On Fri, Jun 30, 2017 at 2:30 PM, Vladimir Dzhuvinov
<[email protected]> wrote:
> I was unaware of this spec until you mentioned it here. I had a look at it
> last night. Am I correct that the pkcs11 URIs are simply a representation of
> the config parameters used for loading Cryptoki libs and modules?
>
> I'm unsure how much of a utility a p11 parameter can have. The p11 URIs seem
> to contain a lot of details that are not about the key, but about drivers,
> hardware, the OS. Also, parameters that can change, e.g. the HSM slots. We
> have a machine with two HSMs, and after a reboot the HSMs can get a
> different slot assigned, which can be nuisance.

This doesn't really describe PKCS#11 URIs; or at least how they are
used in practice. The URI standard itself is basically just a 1-to-1
mapping of all possible metadata you can extract from PKCS #11. In
that sense the standard is deficient in that it lets you generate URIs
that can only work in certain contexts.

However, in practice, implementations only use a reliable subset of
properties*. So, for example, if you use p11tool -O, you do not
receive slot identifiers (which, as you said, might change) in the
generated URIs.  The resulting URIs will work on all OSes and HW
configurations (so long as the same crypto hardware is used). Features
like driver specification are relegated to the query string within the
standard itself and are typically omitted in real world practice.

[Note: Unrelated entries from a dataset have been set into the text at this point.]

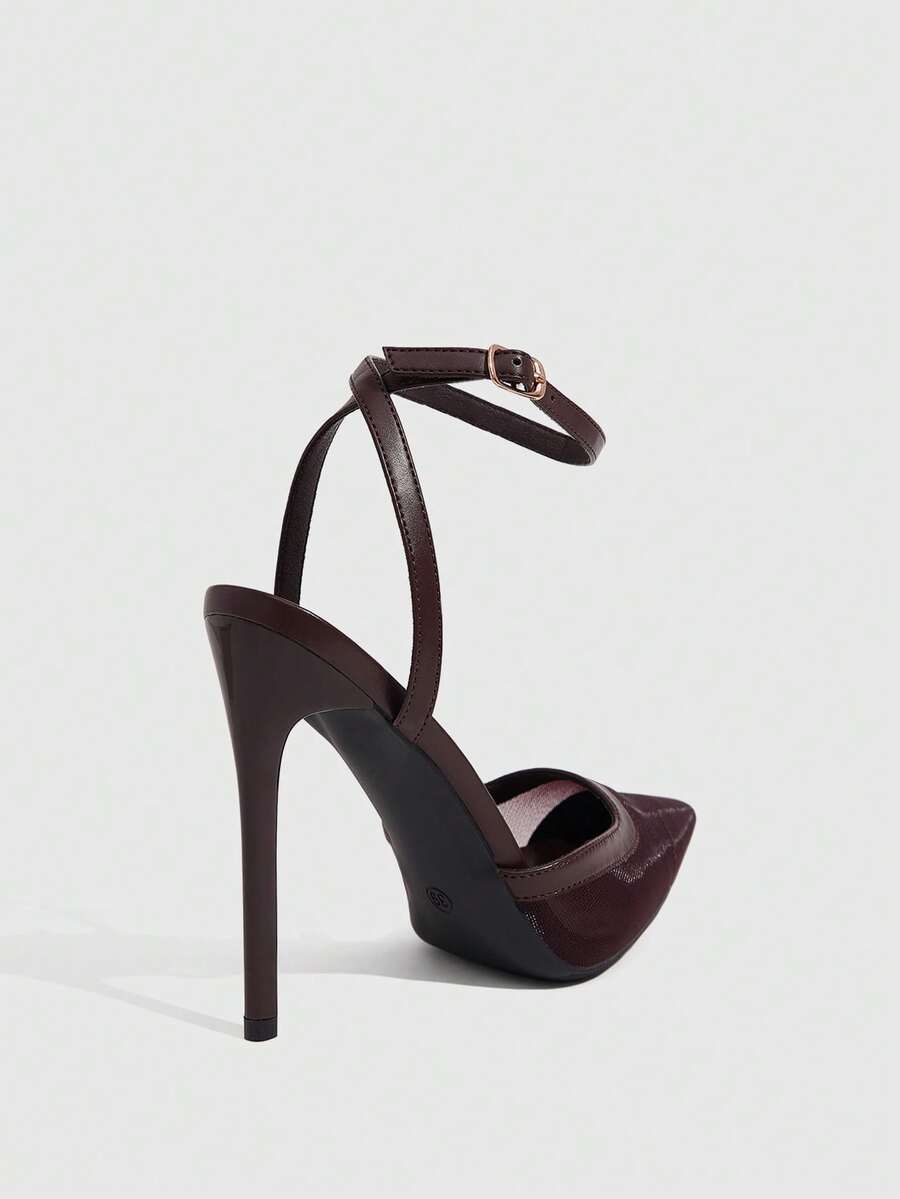 Women's pointed toe high heel shoes featuring breathable mesh detailing, stiletto heel, and adjustable ankle strap with buckle closure.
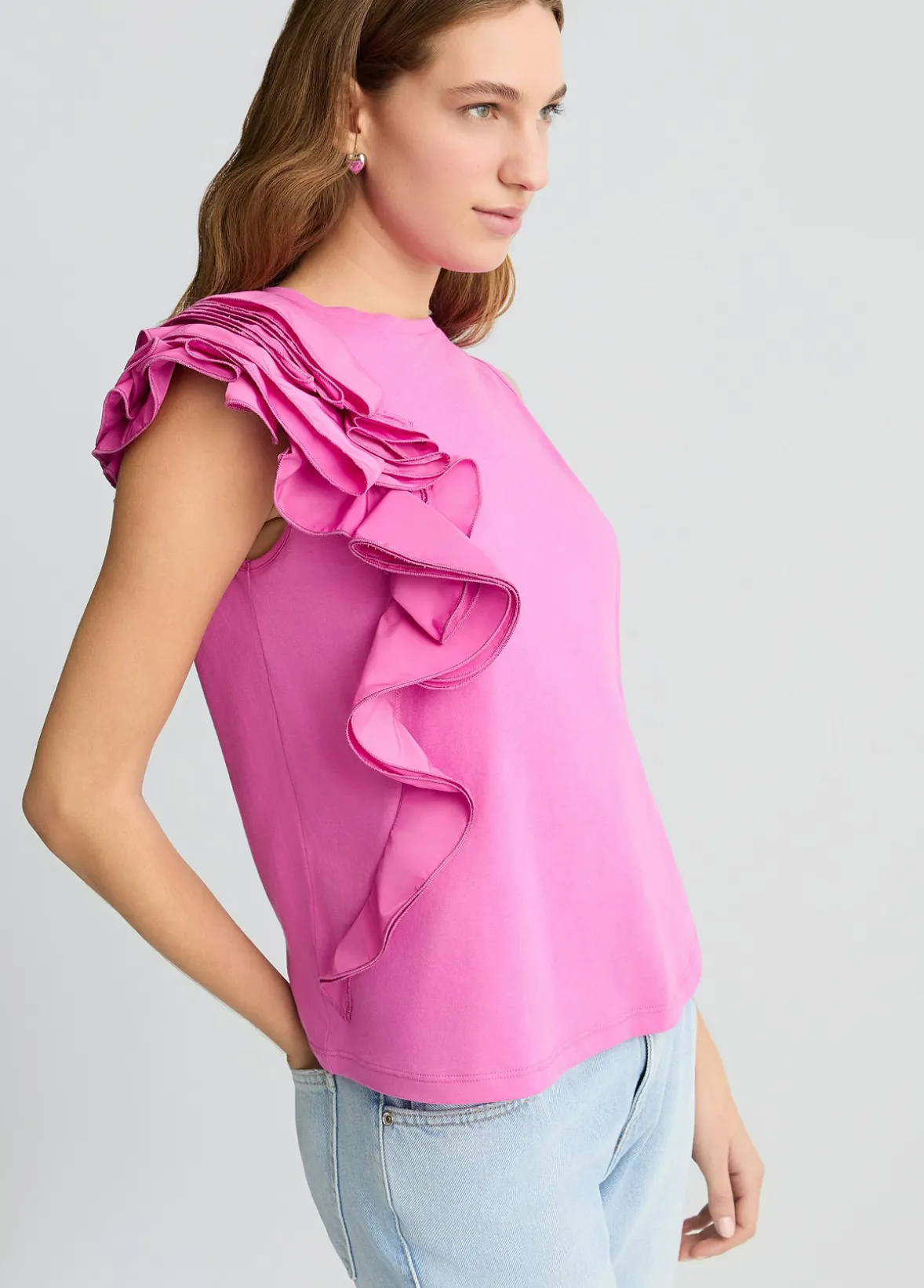 T-shirt con volant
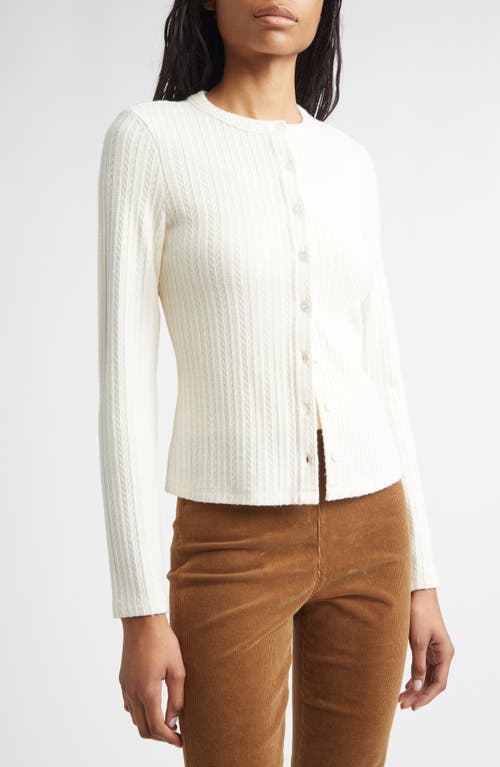 Veronica Beard Lira Textured Cardigan In White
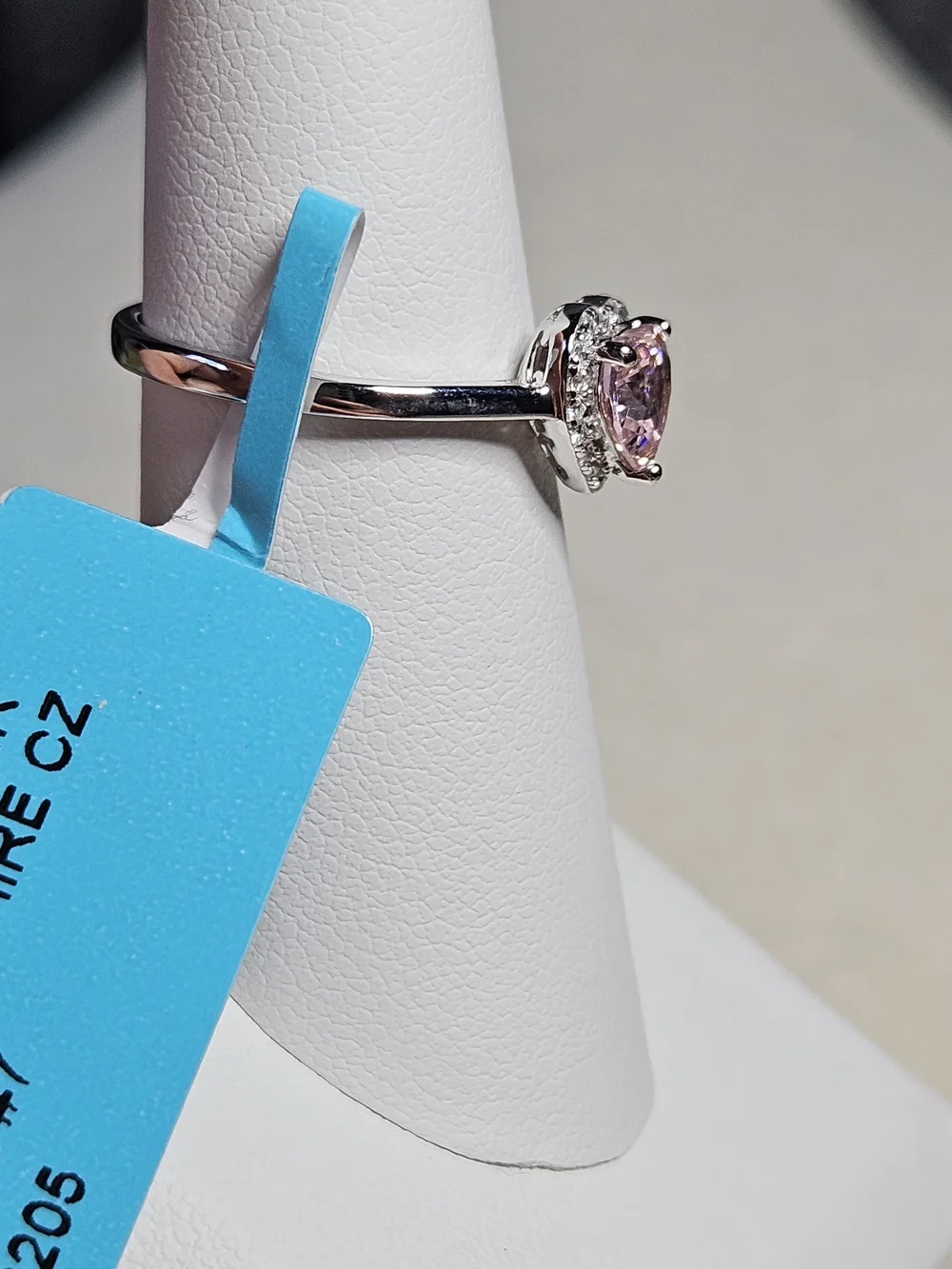 Pink Heart Halo Ring Sterling Silver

It would be entirely possible (and, in fact, the default behavior of
GNU TLS) for you to provide a URI that would match your HSM keys every
time, reproducibly. This could be easily summed up in a new JWK
standard which would recommend to avoid attributes that would make it
difficult to match. (Again, this is not hard and is widely done
already.)

Yes, we could write a new standard URI that wouldn't have these
caveats. But it would be much better to simply handles these cases
within a "recommendations" section of a new JWK standard for the "p11"
attribute.

> When we used JWK sets backed by Cryptoki before we took the following
> approach (in Java):
>
> Load PKCS#11 KeyStore.
> Export the found PKCS#11 keys into a JWK set, where the key alias becomes
> the JWK "kid", the certificate is included as an option; each JWK keeps a
> reference to the private key in the store.
> If the private key is needed, that same reference is used to get at it.

This is precisely what we don't want to do: build custom code every
time we want to access crypto hardware. Instead, we want the José[0]
project to have exactly the same interface whether crypto hardware is
used or the private key is in the JWK directly. For example:

    $ jose jwe dec -i my.jwe -O plain.txt -k mykey.jwk
    $ jose jwe dec -i my.jwe -O plain.txt -k myhwkey.jwk

In the above case, it doesn't matter whether the private key material
is in the JWK directly or only referenced to by the JWK. We would
provide exactly the same interface from the C API as well.

This is going to be made all the more crucial for us given our (Red
Hat's) broader adoption of PKCS #11 as a system level interface. That
is, PKCS #11 is going to be much more common, not less. GNOME already
exports PKCS #11 interfaces for its keyring. GNU TLS and OpenSC's PKCS
#11 Engine for OpenSSL do too. This will be extended to the system
level as well (we have active internal projects ongoing). We are even
exploring a TPM interface via PKCS #11. All of these are using the
URIs.

We want JOSE to be a first class citizen in this world. And that
should not involve writing special-case hardware code. It should be a
matter of generating a properly formatted, standardized JWK.

[0]: https://github.com/latchset/jose

* - For example, GNU TLS outputs the following parameters as the full
path to an object: model, manufacturer, serial, token, id, object and
type. These uniquely identify a PKCS #11 key object in any context.